Let \(B_n = \{-1,1\}^n, \; a_k \in \mathbb{Q}, \; k=1,\cdots,n\)
Prove that
(1) \(\sum_{(b_1,\cdots,b_n)\in B_n} (b_1 \sqrt{a_1}+ \cdots +b_n \sqrt{a_n})^{2m} \in \mathbb{Q}, \; m \in \mathbf{N}\)
(2) \(\prod_{(b_1,\cdots,b_n)\in B_n} (b_1 \sqrt{a_1}+ \cdots +b_n \sqrt{a_n}) \in \mathbb{Q}\)

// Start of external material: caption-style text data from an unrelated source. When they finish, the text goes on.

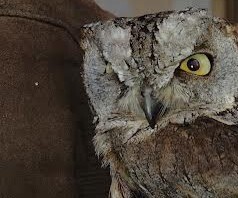 View observation of {o.common_name} on iNaturalist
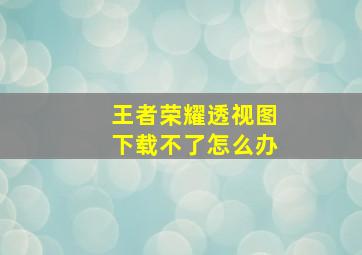 王者荣耀透视图下载不了怎么办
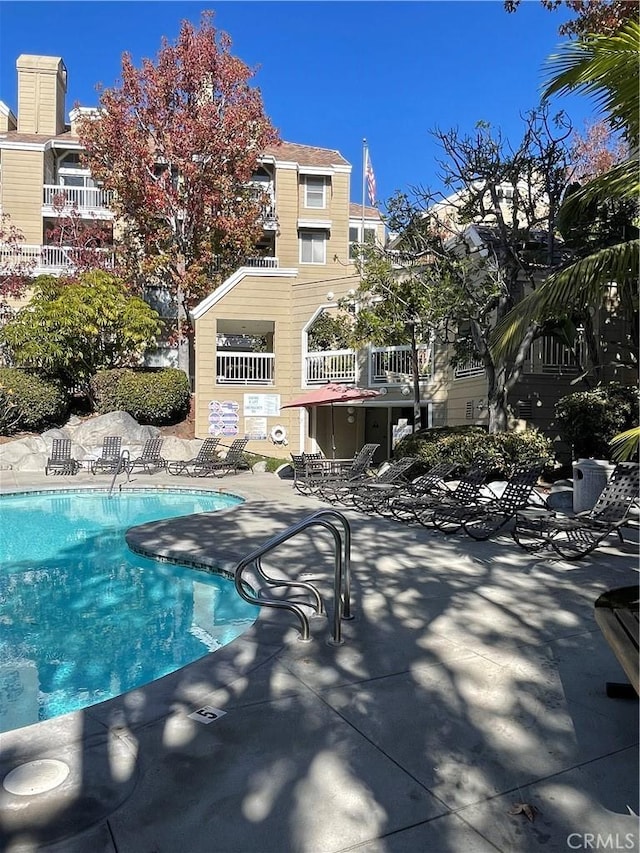 view of swimming pool featuring a patio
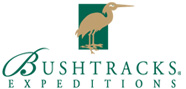 Bushtracks Expeditions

RE: Prove expressions rational - elim - 07-27-2010 09:17 AM

(1) Let $L_k(\bf{v}) = b_1\sqrt{a_1}+\cdots+b_k \sqrt{a_k}, \; \bf{v} =(b_1,\cdots,b_k)\in B_k = \{-1,1\}^k$, then by induction
we have $\sum_{\bf{v} \in B_n} L_k(\bf{v})^{2m} = \sum_{\bf{v}\in B_{n-1}} ((L_{n-1}(\bf{v})+\sqrt{a_n})^{2m}+(L_{n-1}(\bf{v})-\sqrt{a_n})^{2m})$
$=\sum_{\bf{v}\in B_{n-1}}\sum_{j=0}^{2m}C_{2m}^j L_{n-1}^{2m-j}(\bf{v})(\sqrt{a_n})^j (1+(-1)^j)=\sum_{\bf{v}\in B_{n-1}}\sum_{j=0}^m 2C_{2m}^{2j} L_{n-1}^{2(m-j)}(\bf{v})a_n^j \in \mathbb{Q}$

(2) For $L_k(\bf{x,v}) = b_1 x_1+\cdots + b_k x_k\;$ then
$ \prod_{v \in B_{n}}L_n(\bf{v}) = \prod_{v \in B_{n-1}} (L_{n-1}(\bf{x,v}) + x_n)(L_{n-1}(\bf{x,v})- x_n)= \prod_{v \in B_{n-1}} (L_{n-1}^2(\bf{x,v}) - x_n^2)$
is a integer-coefficient, symmetric polynomial $P(x_1,\cdots , x_n) $ and been even with respect to $x_n$ hence all $x_k$.

Therefore $P(x_1,\cdots , x_n) = G(x_1^2, \cdots, x_n^2) $ for some symmetric polynomial $G(t_1,\cdots, t_n)$

Consequently, $P(\sqrt{a_1},\cdots , \sqrt{a_n}) = G(a_1,\cdots, a_n) \in \mathbb{Q}$